Tagged: ‘Deduction of Tax at Source (withholding) Regulations 2024’, it took effect from Monday, July 1, 2024.
Withholding tax was introduced into the Nigeria tax system in 1977 to serve as an advance payment of income tax on specified transactions. It was created to provide the government with regular revenue flow and to serve as a means of curbing tax evasion.
In his notes on the new regulations, Chairman, the Presidential Fiscal Policy and Tax Reforms Committee, Taiwo Oyedele, who defended the new path, said that withholding tax has led to many businesses, especially SMEs being exposed to excessive burden of compliance and a strain on the working capital of low-margin businesses.
Key changes the new regulations seek to achieve are exemption of small businesses from Withholding Tax compliance; reduction rates for businesses with low margins; exemptions for manufacturers and producers such as farmers; measures to curb evasion and minimise tax avoidance; ease of obtaining credit and utilisation of tax deducted at source; changes to reflect emerging issues and adopt global best practices and provide clarity on the timing of deduction and definition of key terms.
He hinted that the regulation is expected to be published in the official gazette very soon.
The withholding tax has been bogged by ambiguities regarding persons required to comply, eligible transactions, applicable rates, and timing of the obligation for remittance, among others.
There is also the treatment of the deduction as a separate tax, thereby adding to the list of multiple taxes and costs of doing business.
Many businesses have complained about failure to get refunds for excess withholding tax.
There was an absence of an exemption threshold making the cost of compliance by taxpayers and the cost of enforcement by the tax authority uneconomical.

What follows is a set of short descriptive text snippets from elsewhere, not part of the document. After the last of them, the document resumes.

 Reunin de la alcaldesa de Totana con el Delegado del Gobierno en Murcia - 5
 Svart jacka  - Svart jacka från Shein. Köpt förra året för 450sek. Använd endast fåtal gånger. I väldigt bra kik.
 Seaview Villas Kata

Businesses believed that the overall structure of the withholding tax regime promoted tax inequity.
Therefore, the new regulations set out the rules for the deduction of tax from payments to taxable persons under the Capital Gains Tax Act, the Companies Income Tax Act, the Petroleum Profits Tax Act, and the Personal Income Tax Act in respect of specified transactions.
The Minister of Finance and Coordinating Minister of the Economy, Wale Edun, signed the regulations.

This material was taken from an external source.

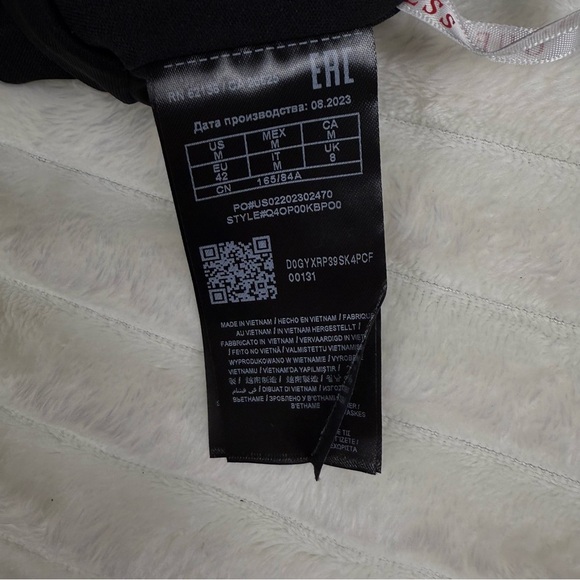 NWOT GUESS Bronze Gold Sequin Sleeveless V-Neck Crop Top – Size M Glam Sparkly - Picture 10 of 10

Under the new rule, tax to be deducted at source includes the eligible transactions and the applicable rates at which deductions shall be made at source are as specified in the “First Schedule” to these Regulations; reduced rates as specified under a treaty between Nigeria and any other country for the avoidance of double taxation shall apply to an eligible recipient who is resident in a treaty country to the extent that such reduced rates are contained in the relevant treaty or protocol duly ratified by the National Assembly.
“In the case of supply of goods, rendering of service or any eligible transaction involving non-passive income, the amount to be deducted at source shall be twice the rate specified in the Schedule where the Recipient has no Tax Identification Number,” it added.
In his notes, the minister stressed that the regulations complement the applicable statutory provisions and replace all prior rules in respect of deductions at source other than Pay-As-You-Earn tax.
He added: “It simplifies areas of complexities, and reduces the rates of deduction for industries with low margins. The Regulations are expected to promote the ease of tax compliance and administration, reduce arbitrage between corporate and non-corporate business structures, reflect emerging issues and adopt best global practices.”